If you explore the topology.topology table,
SELECT * FROM topology.topology;
You will see:
id | name | srid | precision | hasz
----+----------+-------+-----------+------
1 | nyc_topo | 26918 | 0 | f
(1 row)
31.2. Storage of topologies and topogeometries¶
A topology is implemented as a schema in a PostgreSQL database. If you explore the nyc_topo schema, you will see these tables and views:
- edge - This is a view built against edge_data, mostly for SQL/MM compliance.
It has a subset of the columns in the edge_data table.
edge_data - Contains all the linestrings that make up the topology
- face - Contains a list of all closed surfaces that can be formed from the edge_data.
It does not contain the actual geometry, but instead just the bounding box of the geometry.

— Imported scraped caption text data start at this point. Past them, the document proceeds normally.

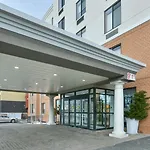Hotel Country & By Radisson, Staten Island
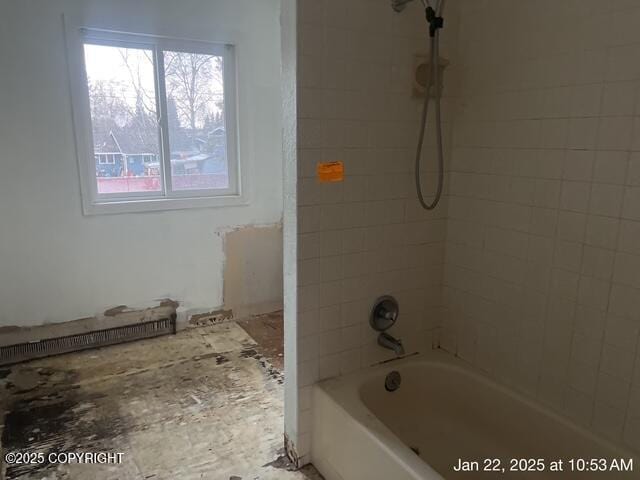 bathroom with tiled shower / bath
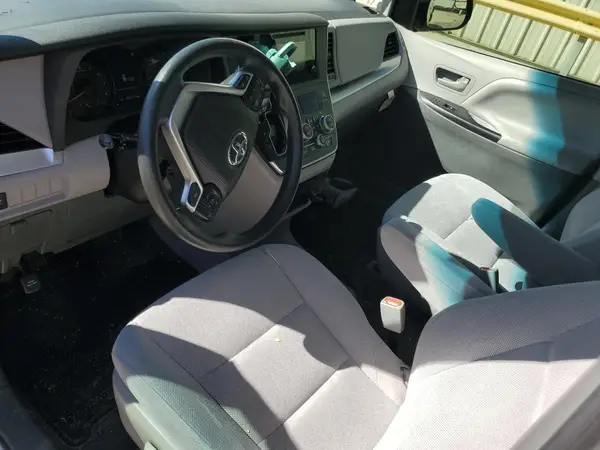 5TDZZ3DCXHS890616 2017 TOYOTA SIENNA - Image 8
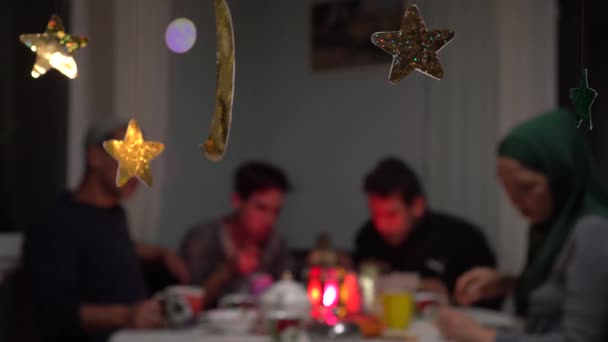イスラム教徒の家族は自宅でお祝いの夕食を食べる ムハンマド シャリフは イスラム教の預言者ムハンマドの誕生日の儀式です — ストック動画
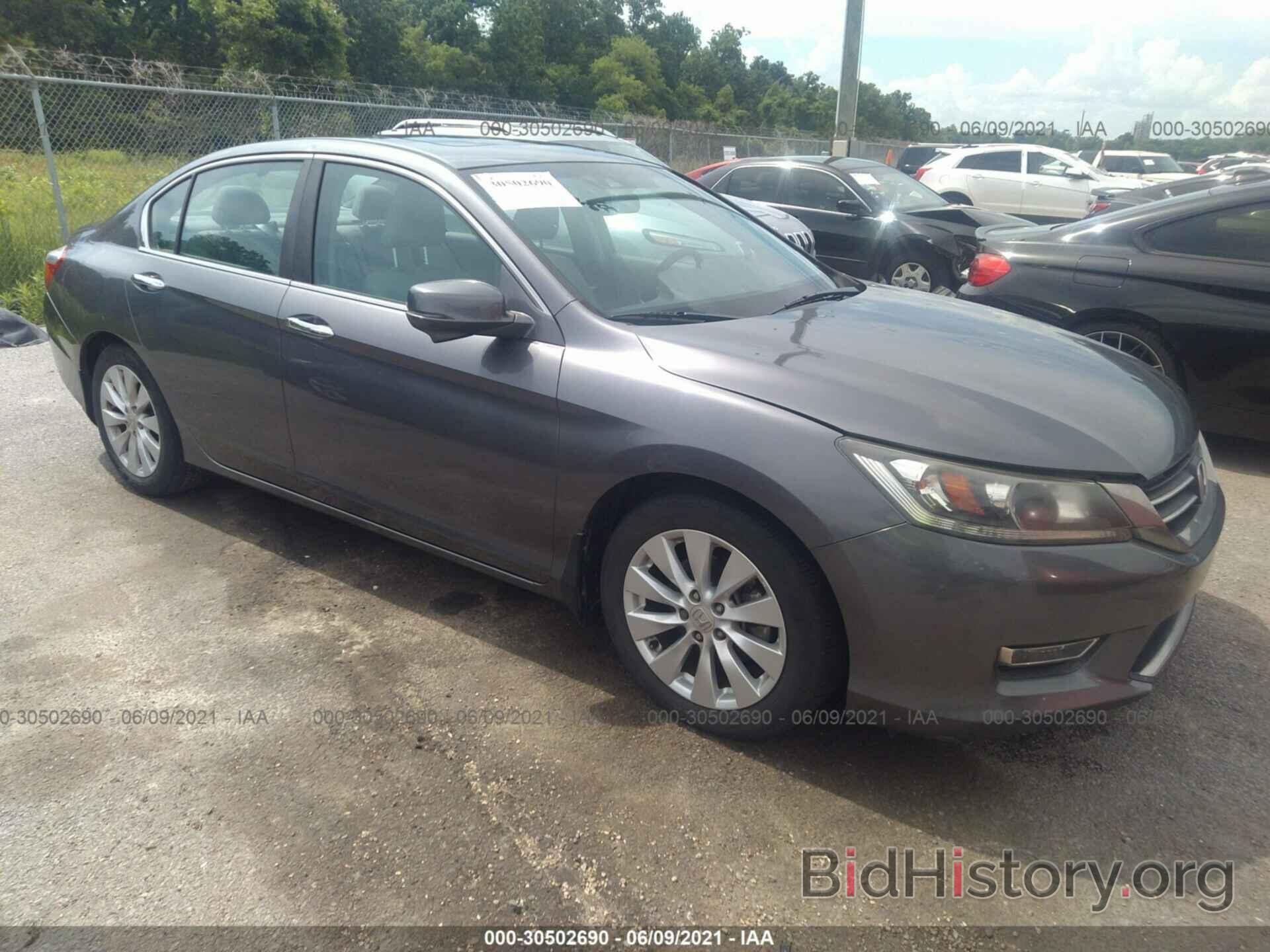 Photo 1HGCR2F85DA210686 - HONDA ACCORD SDN 2013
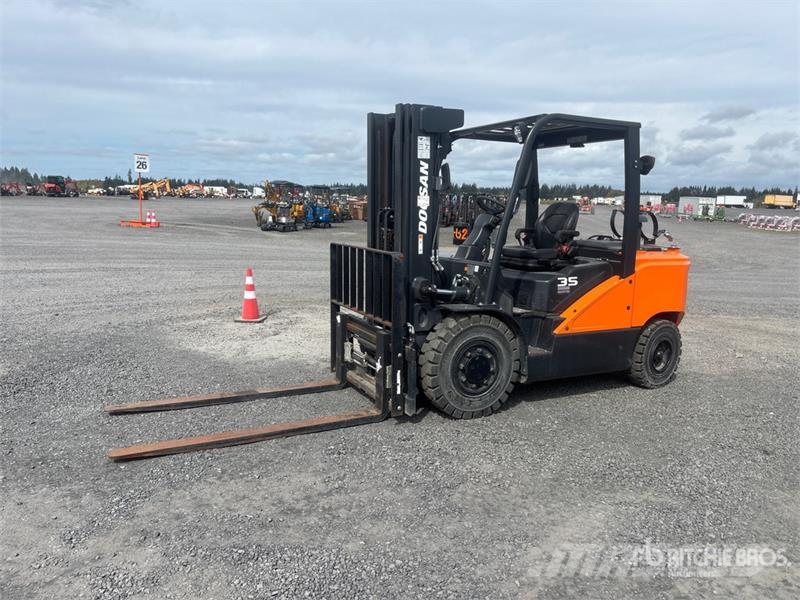 Doosan G35S-7 6950 lb Forklift Інше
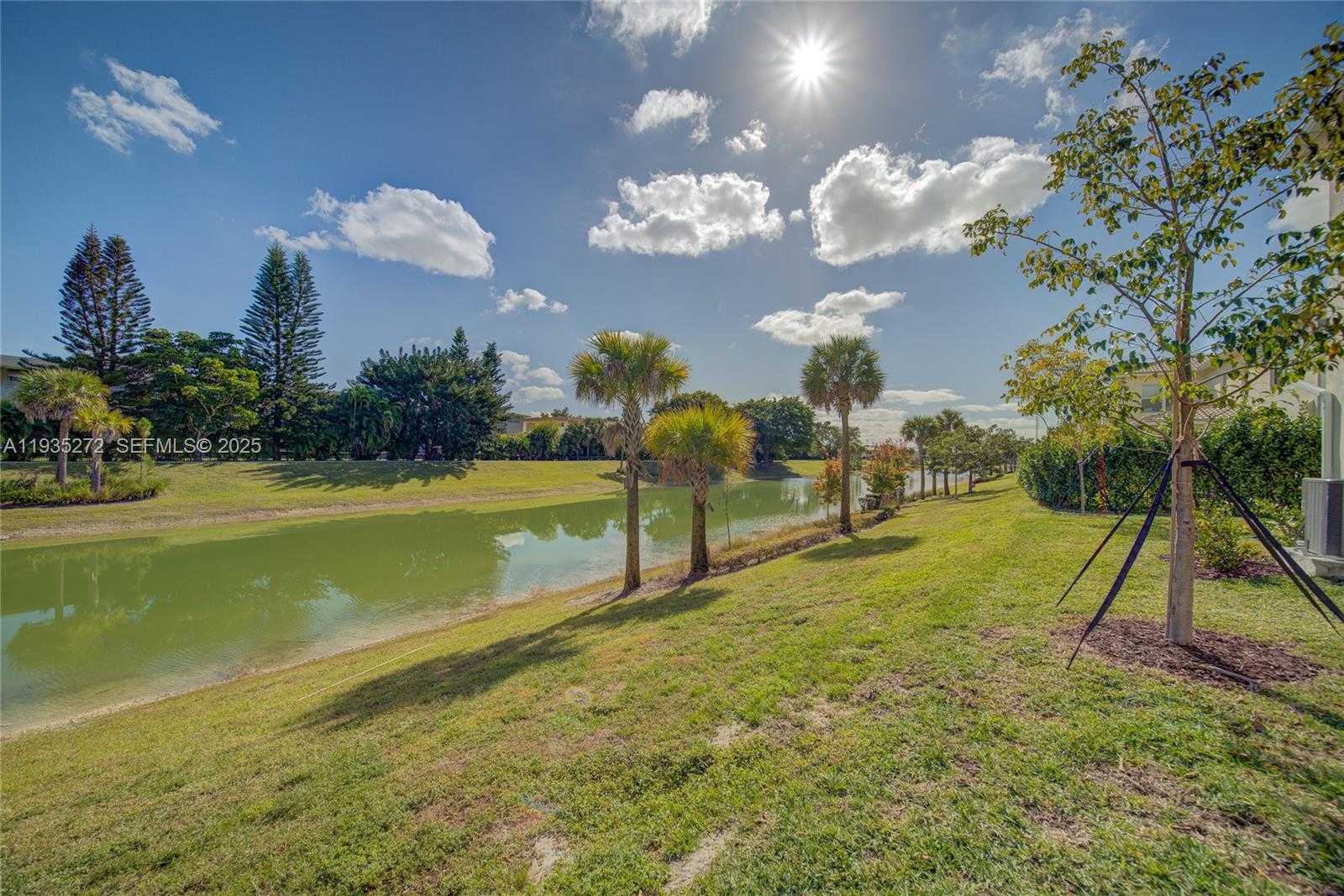 Small Image of 1023 EUCALYPTUS DR, Hollywood Number 29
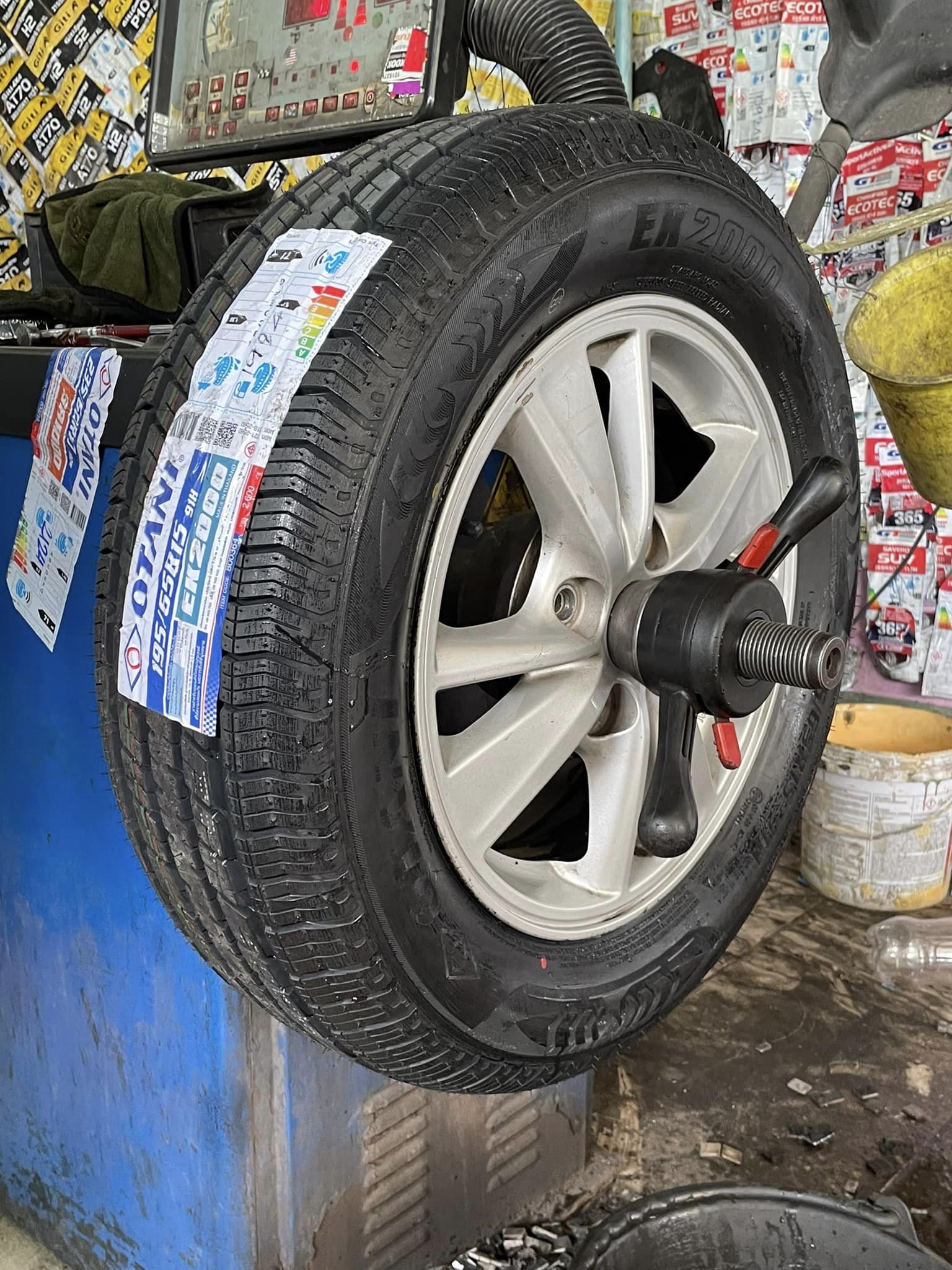 🚘 #TOYOTA_AVANZA🛞 🛞#OTANI #EK2000 🛞195/65R15 🛞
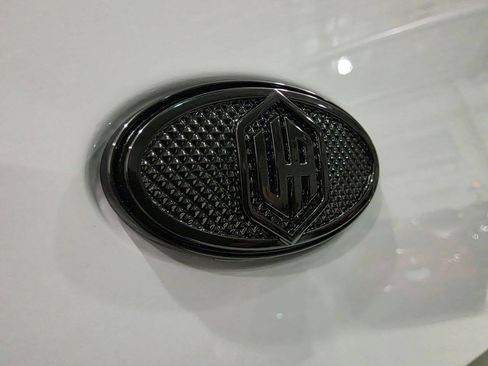 Used 2024 Land Rover Defender 110 V8 image 15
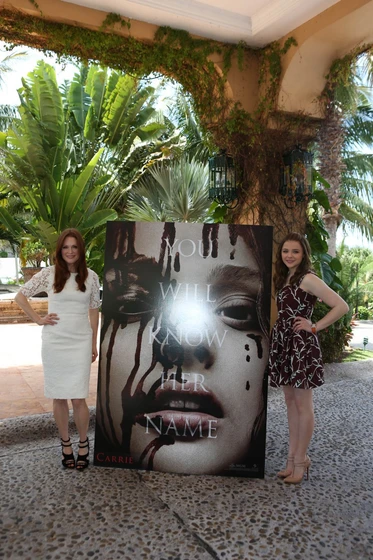 Julianne Moore y Chloë Grace Moretz en carrie-2013 (Presentación en Cancun)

node - Contains all the start and end points of all edges as well as points not connected to anything (isolated nodes)
relation - this defines what elements in a topology make up a topogeometry.
So what is a topogeometry? A topogeometry is a representation of a geometry formed from the edges, faces, nodes, and other topogeometries in a topology.
Where does a topogeometry reside? It resides somewhere else which references elements of a topology via the relation table. Although we could throw the topogeometries in our nyc_topo schema, the general convention, is to define other tables in other schemas that have a topogeometry, and also have any other kind of data you might be interested in tracking.
31.3. Why use topogeometries?¶
Using topogeometries keeps your data tidy and connected. Topogeometries are very useful for Cadastral work, where you want to make sure two parcels of land don’t overlap each other even if you change the boundaries of one or you want to make sure roads stay connected as you change the geometries that form them. Geometries live in an island of their own, you can duplicate them, morph them. Geometries are carefree, not caring about other geometries that share space with them. Topogeometries, in contrast, follow the rules of their topology; they can’t exist unless there is an edge, node, face, or other topogeometry that defines them. A topogeometry belongs to one and only one topology. A topogeometry is a relational model of a geometry and as such as each component (edges/faces/nodes) are moved, added etc, they change not one topogeometry shape, but all topogeometries that have components in common.
We have an nyc_topo topology devoid of any data. Let’s populate it with our NYC data. Topology edges, faces, and nodes can be created in 2 keys ways.
Edges, Faces, and Nodes can be created directly using topology primitive functions.
Edges, Faces, and Nodes can be formed by creating topogeometries. When a topogeometry is created from a geometry and their are missing edges, faces, or nodes that match its coordinates, then new edges, faces, and nodes are created as part of the process.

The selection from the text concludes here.